If Decode encounters a syntax error, it returns with err set to an instance of Error.
func Marshal ¶
Marshal writes the bencode encoding of val to w.
Marshal traverses the value v recursively.
Marshal uses the following type-dependent encodings:
Floating point, integer, and Number values encode as bencode numbers.
String values encode as bencode strings.
Array and slice values encode as bencode arrays.
Struct values encode as bencode maps. Each exported struct field becomes a member of the object. The object's default key string is the struct field name but can be specified in the struct field's tag value. The text of the struct field's tag value is the key name. Examples:
// Field appears in bencode as key "Field". Field int // Field appears in bencode as key "myName". Field int "myName"

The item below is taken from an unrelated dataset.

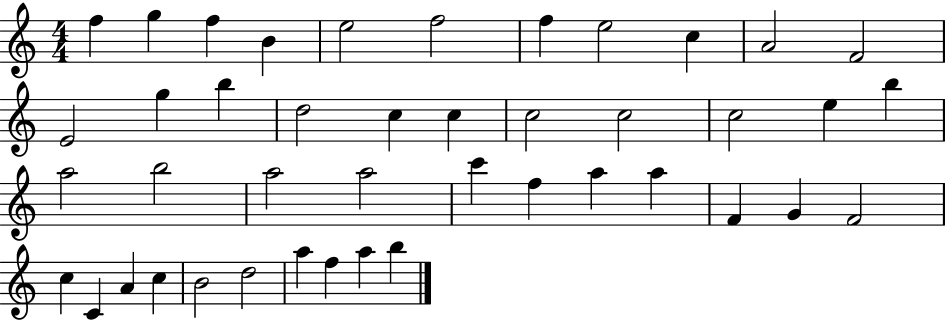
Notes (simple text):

F5/q G5/q F5/q B4/q E5/h F5/h F5/q E5/h C5/q A4/h F4/h E4/h G5/q B5/q D5/h C5/q C5/q C5/h C5/h C5/h E5/q B5/q A5/h B5/h A5/h A5/h C6/q F5/q A5/q A5/q F4/q G4/q F4/h C5/q C4/q A4/q C5/q B4/h D5/h A5/q F5/q A5/q B5/q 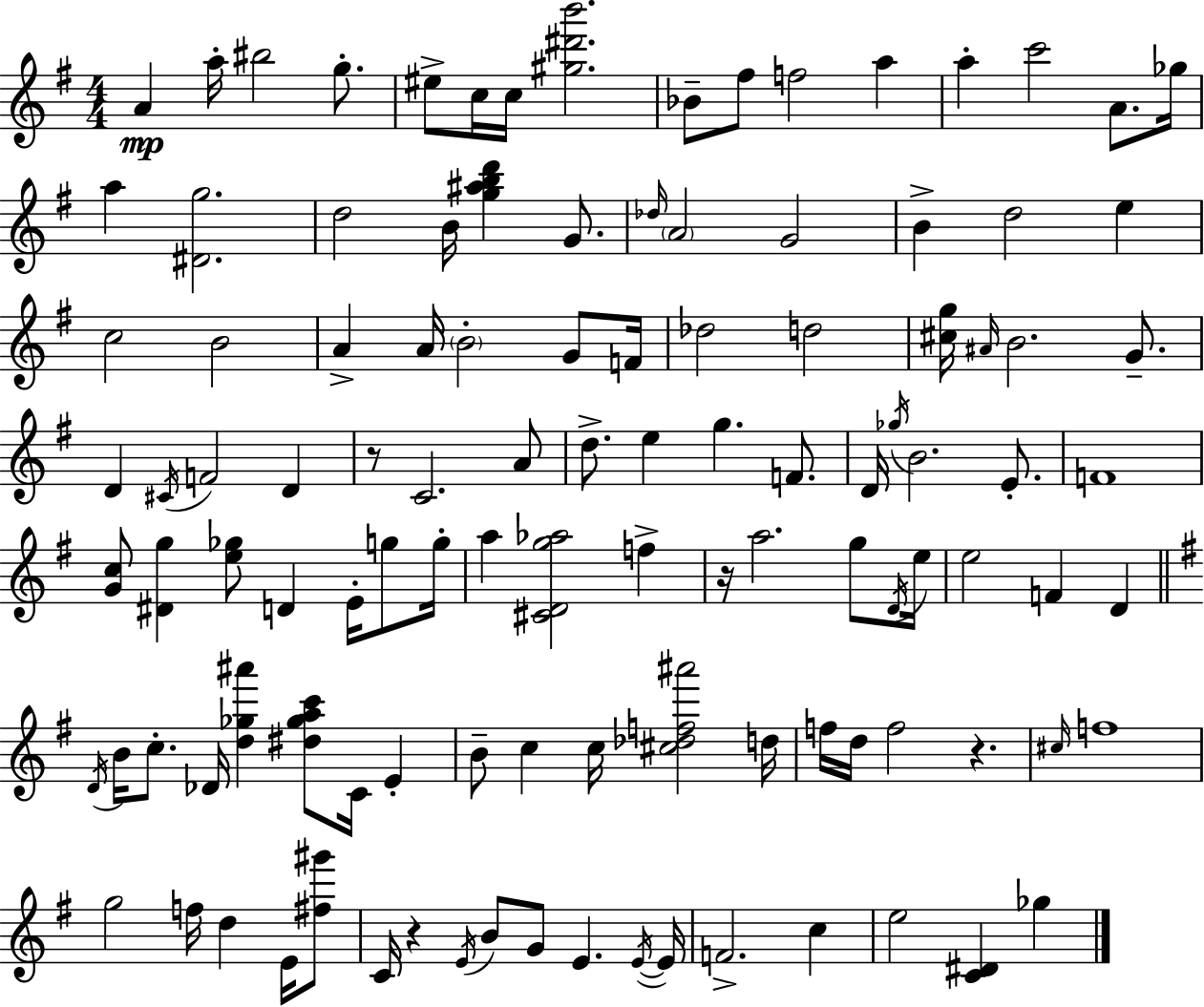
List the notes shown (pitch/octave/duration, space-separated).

A4/q A5/s BIS5/h G5/e. EIS5/e C5/s C5/s [G#5,D#6,B6]/h. Bb4/e F#5/e F5/h A5/q A5/q C6/h A4/e. Gb5/s A5/q [D#4,G5]/h. D5/h B4/s [G5,A#5,B5,D6]/q G4/e. Db5/s A4/h G4/h B4/q D5/h E5/q C5/h B4/h A4/q A4/s B4/h G4/e F4/s Db5/h D5/h [C#5,G5]/s A#4/s B4/h. G4/e. D4/q C#4/s F4/h D4/q R/e C4/h. A4/e D5/e. E5/q G5/q. F4/e. D4/s Gb5/s B4/h. E4/e. F4/w [G4,C5]/e [D#4,G5]/q [E5,Gb5]/e D4/q E4/s G5/e G5/s A5/q [C#4,D4,G5,Ab5]/h F5/q R/s A5/h. G5/e D4/s E5/s E5/h F4/q D4/q D4/s B4/s C5/e. Db4/s [D5,Gb5,A#6]/q [D#5,Gb5,A5,C6]/e C4/s E4/q B4/e C5/q C5/s [C#5,Db5,F5,A#6]/h D5/s F5/s D5/s F5/h R/q. C#5/s F5/w G5/h F5/s D5/q E4/s [F#5,G#6]/e C4/s R/q E4/s B4/e G4/e E4/q. E4/s E4/s F4/h. C5/q E5/h [C4,D#4]/q Gb5/q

Anonymous struct fields are ignored.
Map values encode as bencode objects. The map's key type must be string; the object keys are used directly as map keys.
Boolean, Pointer, Interface, Channel, complex, and function values cannot be encoded in bencode. Attempting to encode such a value causes Marshal to return a MarshalError.

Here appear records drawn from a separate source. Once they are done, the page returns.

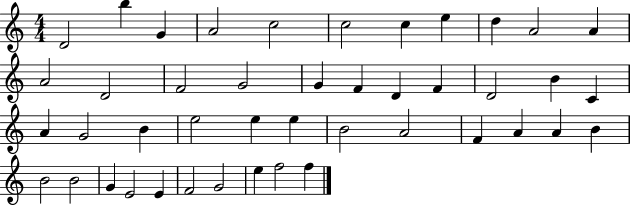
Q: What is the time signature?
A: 4/4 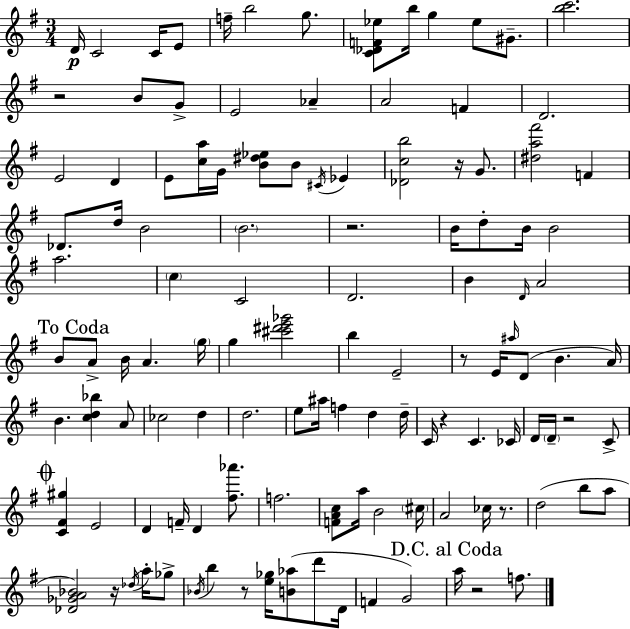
{
  \clef treble
  \numericTimeSignature
  \time 3/4
  \key g \major
  \repeat volta 2 { d'16\p c'2 c'16 e'8 | f''16-- b''2 g''8. | <c' des' f' ees''>8 b''16 g''4 ees''8 gis'8.-- | <b'' c'''>2. | \break r2 b'8 g'8-> | e'2 aes'4-- | a'2 f'4 | d'2. | \break e'2 d'4 | e'8 <c'' a''>16 g'16 <b' dis'' ees''>8 b'8 \acciaccatura { cis'16 } ees'4 | <des' c'' b''>2 r16 g'8. | <dis'' a'' fis'''>2 f'4 | \break des'8. d''16 b'2 | \parenthesize b'2. | r2. | b'16 d''8-. b'16 b'2 | \break a''2. | \parenthesize c''4 c'2 | d'2. | b'4 \grace { d'16 } a'2 | \break \mark "To Coda" b'8 a'8-> b'16 a'4. | \parenthesize g''16 g''4 <cis''' dis''' e''' ges'''>2 | b''4 e'2-- | r8 e'16 \grace { ais''16 } d'8( b'4. | \break a'16) b'4. <c'' d'' bes''>4 | a'8 ces''2 d''4 | d''2. | e''8 ais''16 f''4 d''4 | \break d''16-- c'16 r4 c'4. | ces'16 d'16 \parenthesize d'16-- r2 | c'8-> \mark \markup { \musicglyph "scripts.coda" } <c' fis' gis''>4 e'2 | d'4 f'16-- d'4 | \break <fis'' aes'''>8. f''2. | <f' a' c''>8 a''16 b'2 | \parenthesize cis''16 a'2 ces''16 | r8. d''2( b''8 | \break a''8 <des' ges' a' bes'>2) r16 | \acciaccatura { des''16 } a''16-. ges''8-> \acciaccatura { bes'16 } b''4 r8 <e'' ges''>16 | <b' aes''>8( d'''8 d'16 f'4 g'2) | \mark "D.C. al Coda" a''16 r2 | \break f''8. } \bar "|."
} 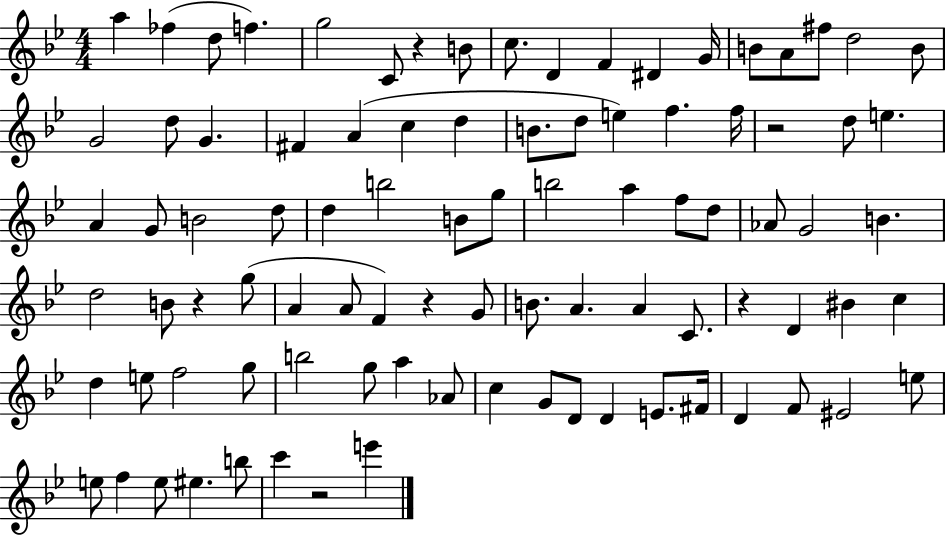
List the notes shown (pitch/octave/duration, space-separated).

A5/q FES5/q D5/e F5/q. G5/h C4/e R/q B4/e C5/e. D4/q F4/q D#4/q G4/s B4/e A4/e F#5/e D5/h B4/e G4/h D5/e G4/q. F#4/q A4/q C5/q D5/q B4/e. D5/e E5/q F5/q. F5/s R/h D5/e E5/q. A4/q G4/e B4/h D5/e D5/q B5/h B4/e G5/e B5/h A5/q F5/e D5/e Ab4/e G4/h B4/q. D5/h B4/e R/q G5/e A4/q A4/e F4/q R/q G4/e B4/e. A4/q. A4/q C4/e. R/q D4/q BIS4/q C5/q D5/q E5/e F5/h G5/e B5/h G5/e A5/q Ab4/e C5/q G4/e D4/e D4/q E4/e. F#4/s D4/q F4/e EIS4/h E5/e E5/e F5/q E5/e EIS5/q. B5/e C6/q R/h E6/q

Bencode cannot represent cyclic data structures and Marshal does not handle them. Passing cyclic structures to Marshal will result in an infinite recursion.
func Unmarshal ¶
Unmarshal reads and parses the bencode syntax data from r and fills in an arbitrary struct or slice pointed at by val. It uses the reflect package to assign to fields and arrays embedded in val. Well-formed data that does not fit into the struct is discarded.
For example, given these definitions:
type Email struct { Where string; Addr string; } type Result struct { Name string; Phone string; Email []Email } var r = Result{ "name", "phone", nil }
unmarshalling the bencode syntax string
"d5:emailld5:where4:home4:addr15:gre@example.come\ d5:where4:work4:addr12:gre@work.comee4:name14:Gr\ ace R. Emlin7:address15:123 Main Streete"

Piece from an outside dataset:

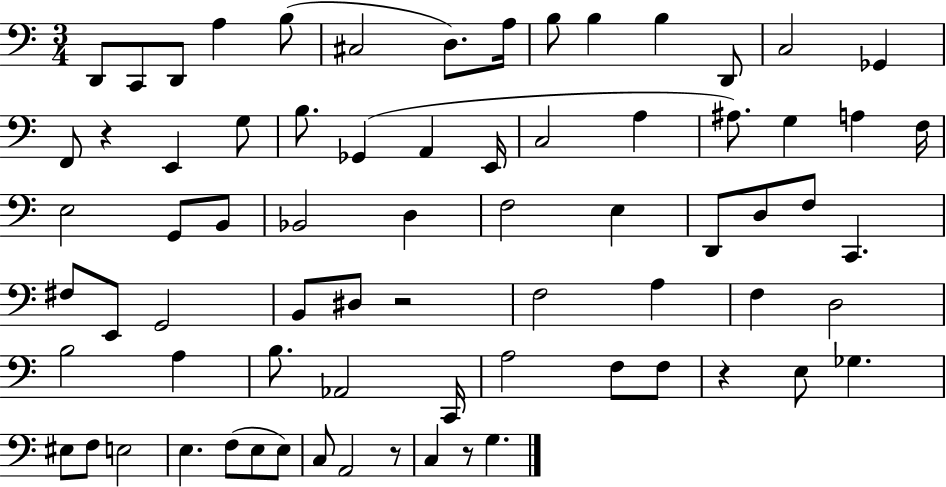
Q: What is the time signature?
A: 3/4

via Unmarshal(s, &r) is equivalent to assigning
r = Result{ "Grace R. Emlin", // name "phone", // no phone given []Email{ Email{ "home", "gre@example.com" }, Email{ "work", "gre@work.com" } } }
Note that the field r.Phone has not been modified and that the bencode field "address" was discarded.
Because Unmarshal uses the reflect package, it can only assign to upper case fields. Unmarshal uses a case-insensitive comparison to match bencode field names to struct field names.
If you provide a tag string for a struct member, the tag string will be used as the bencode dictionary key for that member. Bencode undestands both the original single-string and updated list-of-key-value-pairs tag string syntax. The list-of-key-value pairs syntax is assumed, with a fallback to the original single-string syntax. The key for bencode values is bencode.
To unmarshal a top-level bencode array, pass in a pointer to an empty slice of the correct type.
Types ¶
type MarshalError ¶
func (*MarshalError) Error ¶
func (e *MarshalError) Error() string
type Reader
deprecated
type Reader interface { io.Reader io.ByteScanner }
Deprecated: This type is currently unused. It is exposed for backwards compatability. The public API that previously used this type,
Unmarshal(r Reader, val interface{}) (err error)
is now
Unmarshal(r io.Reader, val interface{}) (err error)
Which is compatible, since any Reader is also an io.Reader. Clients should drop their use of this type. It may be removed in the future.